Dataset excerpts
• • • • • • •
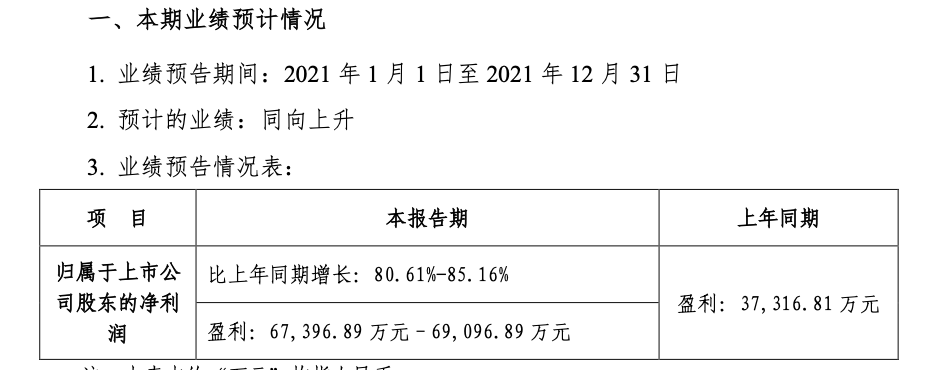 华致酒行2021年业绩预告净利674亿691亿同比增长8185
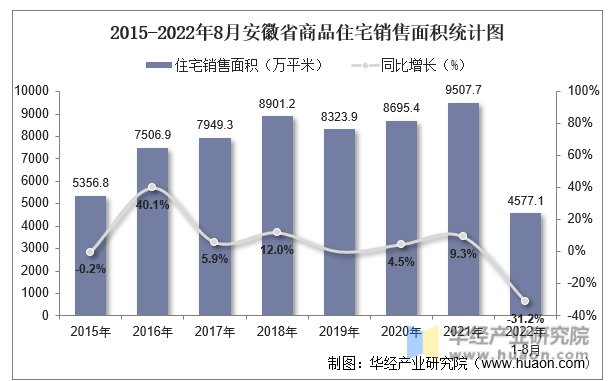 2015-2022年8月安徽省商品住宅销售面积统计图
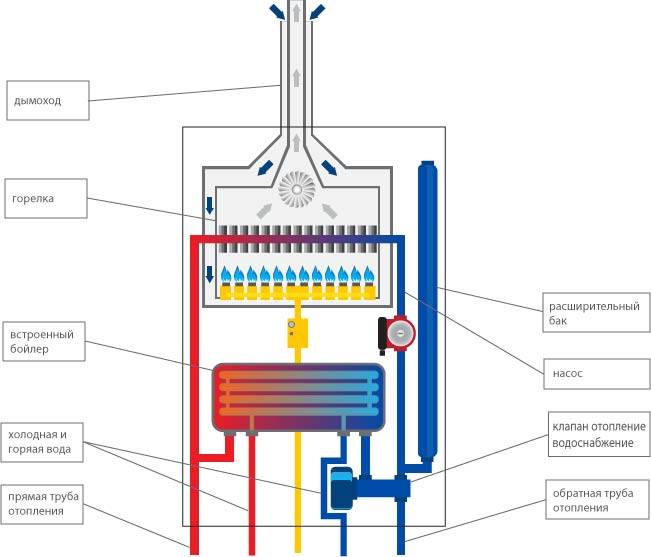 Топ-5 лучших энергонезависимых газовых котлов для отопления + их плюсы и минусы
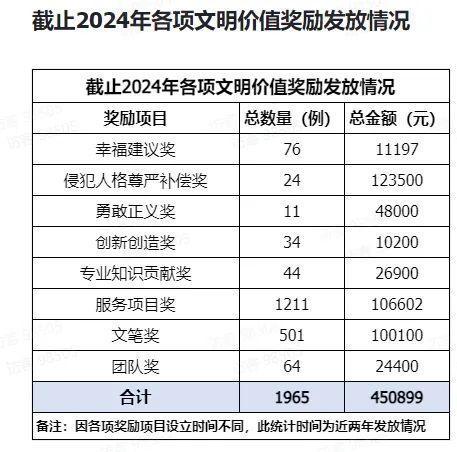 补偿7名“受委屈”员工78000元，胖东来内部数据公开：3月发放20万“救急周转金”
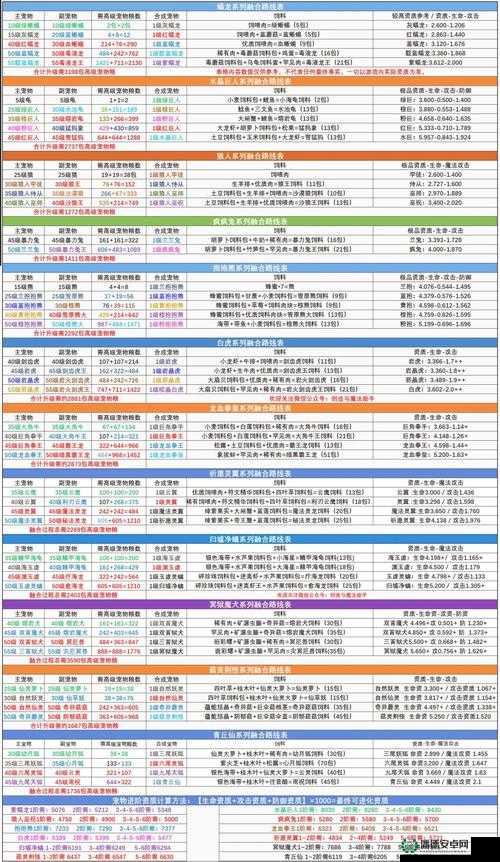 创造与魔法2022年9月28日最新礼包兑换码究竟是什么？攻略来了！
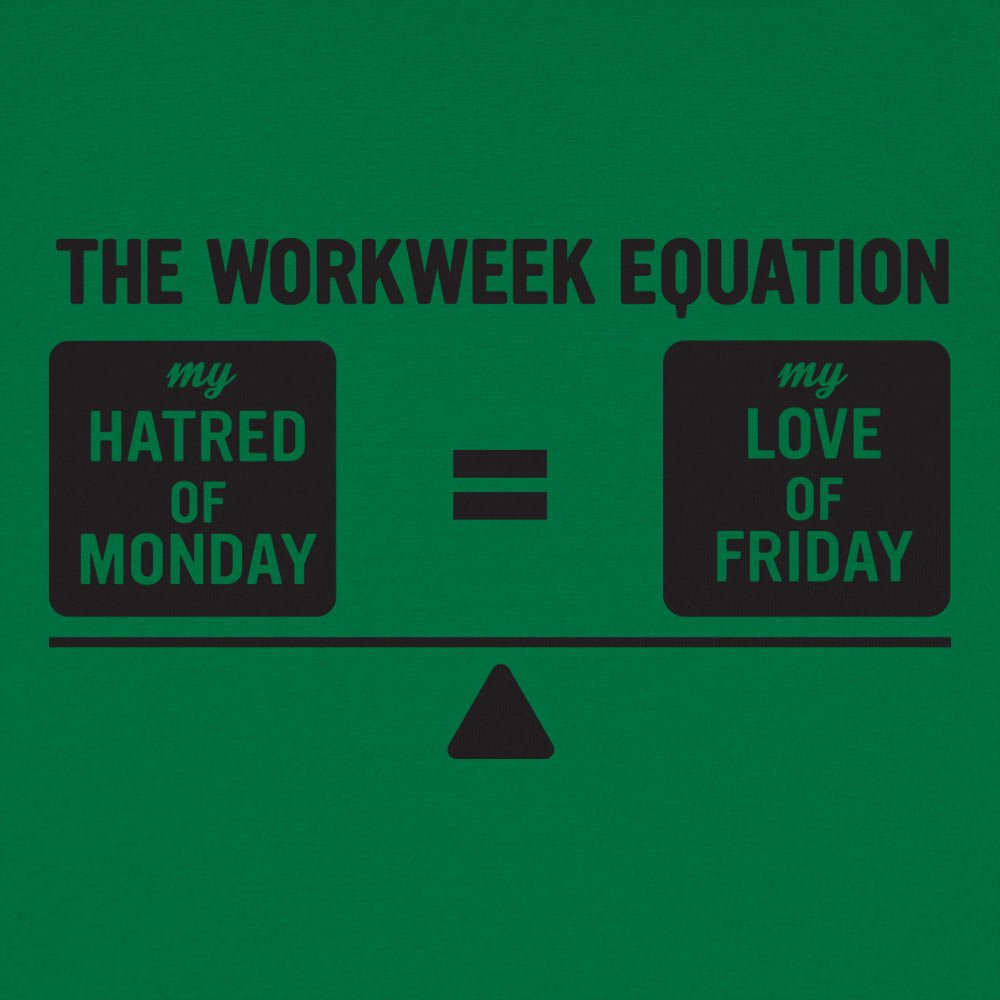 Monday Math - 6DollarShirts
• • • • • • •
» WHAT THE TASK REQUIRES
The full text of the data above, exact and without pictures, is what to return.

» FINISHED TASK
 华致酒行2021年业绩预告净利674亿691亿同比增长8185
 2015-2022年8月安徽省商品住宅销售面积统计图
 Топ-5 лучших энергонезависимых газовых котлов для отопления + их плюсы и минусы
 补偿7名“受委屈”员工78000元，胖东来内部数据公开：3月发放20万“救急周转金”
 创造与魔法2022年9月28日最新礼包兑换码究竟是什么？攻略来了！
 Monday Math - 6DollarShirts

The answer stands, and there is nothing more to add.